Dans une grande entreprise où la direction avait décidé d'encourager l'innovation, un concours avait été organisé. Les employés étaient libres de proposer des idées et la plus innovante serait primée. Cependant l'innovation ayant ses limites, plutôt que de laisser les employés voter pour la meilleure innovation, il fut décidé que la direction choisirait.
En parallèle, les ingénieurs de l'entreprise bataillaient en vain contre les cadres moyens pour moderniser les processus. Dans cette entreprise, la culture d'entreprise voulait que ce soit les supérieurs hiérarchiques qui aient le pouvoir en ce qui concerne toutes les décisions, y compris les décisions techniques. Il va sans dire que cela est difficilement conciliable avec une volonté d'innovation.
L'ironie est que le fonctionnement même du concours renforçait cette culture en donnant le pouvoir à la direction de choisir l'idée la plus innovante. Les résultats furent mitigés : l'idée primée fut celle d'installer des séchoirs à air dans les toilettes afin d'économiser du papier.

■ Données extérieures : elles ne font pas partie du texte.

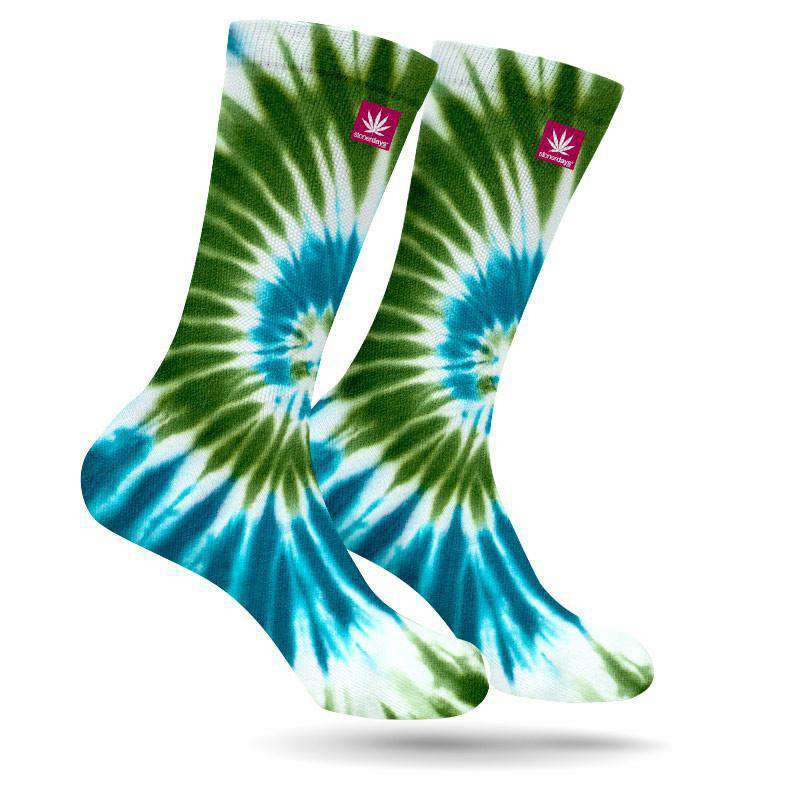 TIE DYE OCEAN CREW WEED SOCKS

Une culture d'entreprise ne se décrète pas. Si l'on veut la changer, il faut mieux chercher à en découvrir les valeurs de base plutôt que d'organiser des concours ou de distribuer des stylos sur lesquelles des valeurs abstraites sont imprimées. Sinon, vous risquez de vous retrouver avec des ingénieurs désabusés devant un séchoir ultra-moderne.

samedi 15 janvier 2011

Rationalité : pas chez les humains

Les humains ne sont pas rationnels et cela est prouvé par une expérience relativement simple : le jeu de l'ultimatum.
Une partie se déroule de la façon suivante : il existe une somme d'argent à partager entre deux joueurs. Le premier joueur fait une offre de répartition, par exemple 55% pour lui, 45% pour le second joueur. Ensuite le deuxième joueur choisit d'accepter ou de refuser l'offre. Si il accepte, alors la somme est répartie comme convenu entre les deux joueurs. Si il refuse, alors aucun des joueurs ne reçoit d'argent.
La logique voudrait que quelque soit la proposition du premier joueur (excepté 100% pour lui, 0% pour l'autre), le deuxième joueur accepte l'offre. En effet, mieux vaut 1% que rien du tout.
Pourtant, quand on réalise l'expérience, les offres inférieures à 20% sont souvent rejetées (le taux de rejet dépend des cultures). Les résultats sont similaires lorsque les joueurs sont anonymes.

Préférer punir un inconnu pour son comportement injuste plutôt que de maximiser son gain, voici un comportement certainement irrationnel.


En revanche, les chimpanzés sont parfaitement rationnels et ne se laissent pas piéger au jeu de l'ultimatum. Quelque soit l'offre faite, elle est acceptée.


Le propre de l'humain est-il de préférer l'égalité à la rationalité ? Peut être est-il sage de le garder en tête au moment de définir une stratégie de rémunération au sein d'une entreprise.